_YOUR INSTRUCTIONS_:
Examine each line of the listing below. Copy those in which the string "Picture" appears.

= = = =

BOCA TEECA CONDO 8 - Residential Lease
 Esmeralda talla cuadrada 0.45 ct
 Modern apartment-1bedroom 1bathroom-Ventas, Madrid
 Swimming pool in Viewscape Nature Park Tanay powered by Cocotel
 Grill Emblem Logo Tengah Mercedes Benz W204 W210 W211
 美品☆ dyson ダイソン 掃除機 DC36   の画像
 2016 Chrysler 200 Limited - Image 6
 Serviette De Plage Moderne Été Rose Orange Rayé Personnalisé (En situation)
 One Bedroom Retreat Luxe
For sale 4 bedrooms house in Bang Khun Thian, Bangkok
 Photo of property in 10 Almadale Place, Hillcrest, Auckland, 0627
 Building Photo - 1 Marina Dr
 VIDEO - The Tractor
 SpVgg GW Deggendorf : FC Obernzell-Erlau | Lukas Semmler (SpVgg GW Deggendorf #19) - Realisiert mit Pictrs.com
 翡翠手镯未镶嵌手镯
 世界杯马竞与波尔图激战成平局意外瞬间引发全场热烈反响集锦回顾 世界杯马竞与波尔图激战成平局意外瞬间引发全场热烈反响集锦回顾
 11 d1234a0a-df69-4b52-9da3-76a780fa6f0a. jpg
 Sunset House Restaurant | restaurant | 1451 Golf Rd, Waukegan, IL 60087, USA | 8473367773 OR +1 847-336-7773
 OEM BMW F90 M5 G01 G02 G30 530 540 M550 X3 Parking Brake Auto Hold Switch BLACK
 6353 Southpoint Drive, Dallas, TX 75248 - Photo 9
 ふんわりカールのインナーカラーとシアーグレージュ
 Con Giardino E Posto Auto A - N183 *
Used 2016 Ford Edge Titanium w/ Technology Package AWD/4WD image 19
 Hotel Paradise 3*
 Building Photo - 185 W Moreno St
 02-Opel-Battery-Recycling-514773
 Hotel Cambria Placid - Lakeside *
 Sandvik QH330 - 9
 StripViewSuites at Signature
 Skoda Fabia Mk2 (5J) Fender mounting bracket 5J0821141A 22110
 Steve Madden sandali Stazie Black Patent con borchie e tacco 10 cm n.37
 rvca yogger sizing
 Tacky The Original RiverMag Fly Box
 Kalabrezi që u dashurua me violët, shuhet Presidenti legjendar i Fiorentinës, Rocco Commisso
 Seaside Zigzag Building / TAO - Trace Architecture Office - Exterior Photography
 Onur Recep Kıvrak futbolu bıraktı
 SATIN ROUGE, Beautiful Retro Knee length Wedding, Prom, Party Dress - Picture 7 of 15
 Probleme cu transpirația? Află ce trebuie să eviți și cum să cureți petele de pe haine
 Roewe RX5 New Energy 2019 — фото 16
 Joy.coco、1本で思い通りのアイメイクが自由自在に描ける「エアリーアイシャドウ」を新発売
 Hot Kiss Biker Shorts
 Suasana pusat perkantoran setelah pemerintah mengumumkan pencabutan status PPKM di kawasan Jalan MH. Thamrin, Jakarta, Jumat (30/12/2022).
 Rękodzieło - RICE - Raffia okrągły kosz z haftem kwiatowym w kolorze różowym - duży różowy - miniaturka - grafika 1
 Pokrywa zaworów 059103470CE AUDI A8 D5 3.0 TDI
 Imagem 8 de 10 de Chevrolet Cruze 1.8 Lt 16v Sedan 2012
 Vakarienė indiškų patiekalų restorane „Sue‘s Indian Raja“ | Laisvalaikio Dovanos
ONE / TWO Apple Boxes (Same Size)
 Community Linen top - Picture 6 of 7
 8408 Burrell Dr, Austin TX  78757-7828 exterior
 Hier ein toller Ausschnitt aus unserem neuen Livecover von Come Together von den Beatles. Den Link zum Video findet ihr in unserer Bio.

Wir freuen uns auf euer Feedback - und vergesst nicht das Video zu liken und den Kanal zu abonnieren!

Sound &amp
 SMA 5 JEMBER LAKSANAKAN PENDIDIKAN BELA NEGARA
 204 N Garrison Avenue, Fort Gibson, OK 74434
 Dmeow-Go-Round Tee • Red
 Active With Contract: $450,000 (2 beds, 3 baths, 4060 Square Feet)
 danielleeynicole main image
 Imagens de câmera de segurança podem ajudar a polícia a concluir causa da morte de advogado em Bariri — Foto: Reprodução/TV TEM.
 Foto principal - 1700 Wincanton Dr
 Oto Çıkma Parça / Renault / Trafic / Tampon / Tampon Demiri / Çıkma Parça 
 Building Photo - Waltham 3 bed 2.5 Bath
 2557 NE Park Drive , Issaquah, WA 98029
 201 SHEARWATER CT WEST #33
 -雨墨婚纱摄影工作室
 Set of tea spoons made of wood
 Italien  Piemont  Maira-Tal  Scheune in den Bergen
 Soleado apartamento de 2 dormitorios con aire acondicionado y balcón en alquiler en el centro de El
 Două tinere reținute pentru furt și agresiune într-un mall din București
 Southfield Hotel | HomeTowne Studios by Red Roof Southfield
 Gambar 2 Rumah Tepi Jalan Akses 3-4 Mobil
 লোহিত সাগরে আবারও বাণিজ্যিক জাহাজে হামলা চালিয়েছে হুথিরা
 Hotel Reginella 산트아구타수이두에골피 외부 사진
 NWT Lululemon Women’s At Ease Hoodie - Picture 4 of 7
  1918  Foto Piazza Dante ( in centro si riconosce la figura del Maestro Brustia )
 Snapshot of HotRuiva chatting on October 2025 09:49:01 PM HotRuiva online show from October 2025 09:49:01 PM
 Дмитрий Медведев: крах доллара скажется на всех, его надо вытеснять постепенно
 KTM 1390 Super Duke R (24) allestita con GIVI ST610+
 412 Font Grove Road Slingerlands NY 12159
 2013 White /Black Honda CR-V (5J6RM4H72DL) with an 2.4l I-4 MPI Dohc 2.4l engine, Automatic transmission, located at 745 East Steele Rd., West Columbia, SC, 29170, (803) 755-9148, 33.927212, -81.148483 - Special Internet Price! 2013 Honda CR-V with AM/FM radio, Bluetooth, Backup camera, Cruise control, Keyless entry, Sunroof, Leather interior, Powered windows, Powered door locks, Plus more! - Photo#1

= = = =

_TASK RESPONSE_:
 SATIN ROUGE, Beautiful Retro Knee length Wedding, Prom, Party Dress - Picture 7 of 15
 Community Linen top - Picture 6 of 7
 NWT Lululemon Women’s At Ease Hoodie - Picture 4 of 7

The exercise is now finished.